- Interactive map of the Kanara area
- Alternative names: Adana Mezbahası

General information
- Status: Completed
- Location: Seyhan, Adana, Turkey
- Construction started: 1930
- Opened: 1932
- Owner: Adana Metropolitan Municipality

Design and construction
- Architect: Semih Rüstem Temel

= Kanara Building =

Kanara Building, also known as Adana Slaughterhouse, is a historic municipal slaughterhouse in the Seyhan district of Adana, Turkey, which opened in 1932.

Built in the early years of the Republic of Turkey, the structure reflects the characteristics of the First National Architectural Movement with its monumental entrance. It was designed by architect Semih Rüstem Temel. It is believed that its name was given by Mustafa Kemal Atatürk in 1933. The building's name later became the name of the Kanara neighbourhood in Turkey.
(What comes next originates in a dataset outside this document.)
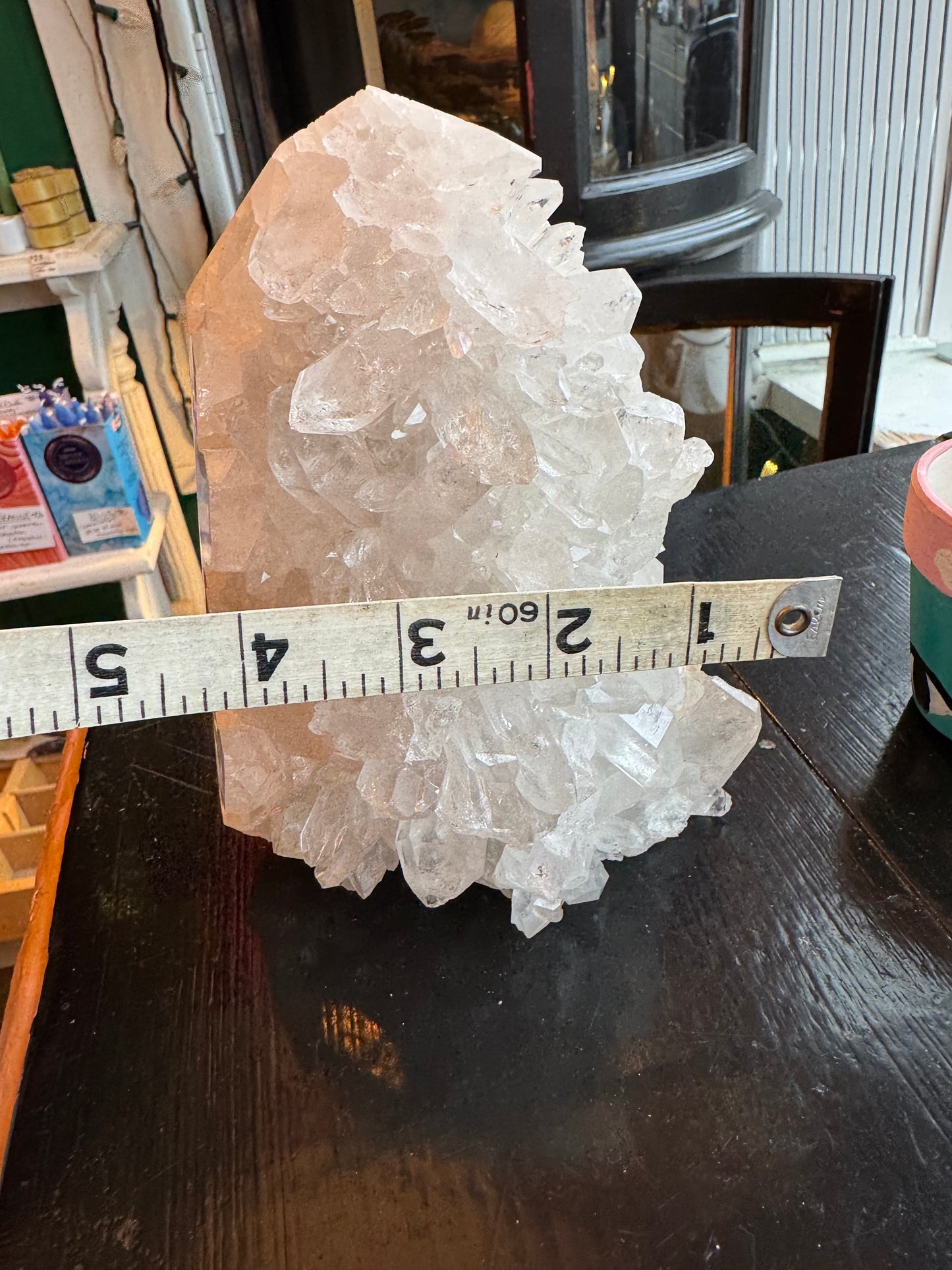 Clear Quartz Cluster Standing Point 2.82 lb Beautiful Brazil - Moon Room Shop and Wellness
To put an end to unsanitary slaughtering practices in the city, it was built in southeastern Adana, Turkey, on the banks of the Seyhan River, approximately 3-4 kilometers from the city centre. It was designed to handle the slaughter of 300 small and 30 large livestock per day. The facility consists of single-story pavilions and a water tower. It also housed an ice factory capable of producing 10 tons of ice daily to meet the high demand for ice during the summer months in the city. The facility's garden served as a picnic area for the people of Adana and provided a social gathering space.

== History ==
In Adana, Turkey, where summers are long and hot, and meat consumption is high, the absence of a slaughterhouse providing food under hygienic conditions, along with the high demand for ice and the high prices charged by private ice factories, led to the demand for a modern slaughterhouse and ice factory in the early years of the Republic of Turkey. As a result, Adana Municipality decided to construct a facility that included a hygienic slaughterhouse, an ice factory, and cold storage units. After slaughterhouses were built in Istanbul, Izmir, and Ankara, one was also established in Adana. The location of the facility was planned by considering the flow direction of the Seyhan River, the prevailing wind direction, and its connection to the local leather industry. In 1929, architect Semih Rüstem designed the Adana Municipal Slaughterhouse with a pavilion-based layout rather than a central plan, taking seasonal conditions into account. Construction began in 1930, and the facility was opened for use in June 1932.

== Architecture ==
The facility was planned as a complex consisting of 6 pavilions and 18-meter-high water tower, constructed using brick masonry. The main building houses the slaughterhouse, sales hall, cold storage units, and ice factory. To the east of the main unit are the warehouse, stables, worker lockers and showers, dining hall, and water reservoir; to the south are the restaurant and laboratory. With additional units added in the 1960s, the number of pavilions increased to nine.

The administration building is two stories, while the other buildings are single-story. The facade is made of artificial stone, and the basement and decorative elements are made of cut stone. The floor is made of marble mosaic. The carved stones used in the building were sourced from quarries in Tarsus, and materials like iron and tile paint were brought from Kütahya.

The ceilings are mostly made of reinforced concrete. All buildings are covered with Marseille tiles on barrel roofs. The shape of the roof, with its rectangular base and pyramid-like top, and its consoles, shows influences from Hungarian architecture. The water tower resembles the tower of Vajdahunyad Castle in Budapest, built in 1908, where architect Semih Rüstem Temel studied.

== Name of the building ==
It is believed that when Atatürk visited the building in 1933, he is said to have remarked, "Kan ara ki bulasın" ("Search for blood to find it"), and requested that the building be named Kanara. Some believe that the term "kanara" began to be used to refer to a slaughterhouse after the building was named. Others argue that the Arabic word "kinnâre" evolved into "kanara" in the Adana dialect.